Loading Excel files into databases is hard — our data pipeline fixes that

Published in

ZebraX

4 min readFeb 19, 2021

Overview

One of the examples of a digital transformation project in ZebraX is building a Control Tower (CT) system where users can get end-to-end supply chain visibility which can help them to make data-driven decision making. An integrated database of all value chain data is necessary to make reliable CT, unfortunately, most companies don’t have a good data ecosystem since they still collecting most of the data manually.

From our experience, Excel is still a very popular tool to record data in many companies. Unfortunately, Excel files in those companies are usually poorly constructed, in many cases, the data are scattered across the worksheet.

We realize that we can’t suddenly ask those companies to ditch Excel by using a more digital approach to collecting data since there is a limit in terms of budget and/or human capital. Therefore, we are building a data pipeline system that can tackle this issue, a system where all they need to do is to put the excel file on a particular folder, and later the system will automatically convert those scattered data into a tabular format so it can be exported into a table in a relational database. Finally, the data on the database will be displayed on the dashboard that is being used by the stakeholder to make data-driven decisions.

Data Pipeline Architecture

Each department has its own folder and users can only see and access the folder of their own (ex: department of marketing can only see and access ‘marketing’ folder), this separation is necessary to avoid the chance of somebody putting an Excel file into the wrong folder. Also inside each folder, there is a revision folder that is used to update existing data on the database.

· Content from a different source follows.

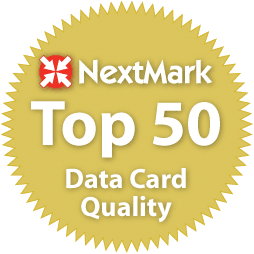 NextMark Top 50 Data Card Quality Seal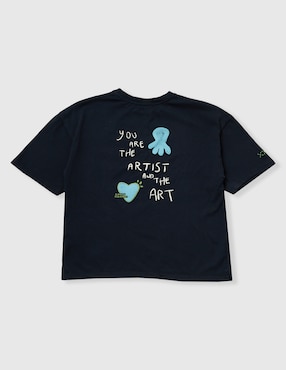 Playera El Pulpo manga corta para niña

Image 1. An illustration of folders used for the data pipeline

This is how it works: users put an Excel file on their department folder to add new data, according to the schedule the file will be moved to a ‘Temporary’ folder. In this folder, our script will read the Excel file to capture all necessary data and insert those data into the table. if it is successful then the Excel will be moved again to the ‘Success’ folder, but if it is not then it will be moved to the ‘Failed’ folder.

Image 3. A flowchart to illustrate how the data pipeline works

Programming language

In ZebraX we use Python to write scripts for this particular data pipeline. There are many packages that we use such as Pandas for convert the data into a tabular format and SQLAlchemy for inserting data into the database. The script for one worksheet to the other is customized differently since each worksheet has a unique template format.

Error handling

If the file goes to the ‘Failed’ folder then we also need to know the reason for it. In the previous project we recorded all the messages into a log file, so to find the error message we need to open the log file and scroll it until we find the error message. In the current project, we decided to save both success and error messages into a table. Personally, I prefer the second approach since it is easier for tracking error messages.

Summary

Below are some advantages of using this data pipeline:

The client’s habit of collecting & sharing the data is not changing much since they are still using Excel files.
Anybody with limited knowledge of computers can use the data pipeline easily. All they need to do is put their Excel file on the folder and wait for a few minutes and then check if the file goes to the Success/Failed folder.
The data transparency is improved since users from various departments can check the work progress way more details using CT system compare to Excel file.

This pipeline is definitely not perfect, these are some disadvantages of using this pipeline:

Since the script is designed to read data according to the existing template, any minimal changes to the template format can cause the script to fail to capture the data.
There is still a possibility of users input incorrect data since the data collection process is still doing manually.

In the end, this pipeline is not perfect, but I can say that this is the best approach when you have a company that still in an early step of digitalization. Later, when the company is ready to upgrade its data collecting process, then we can use a more advanced data pipeline.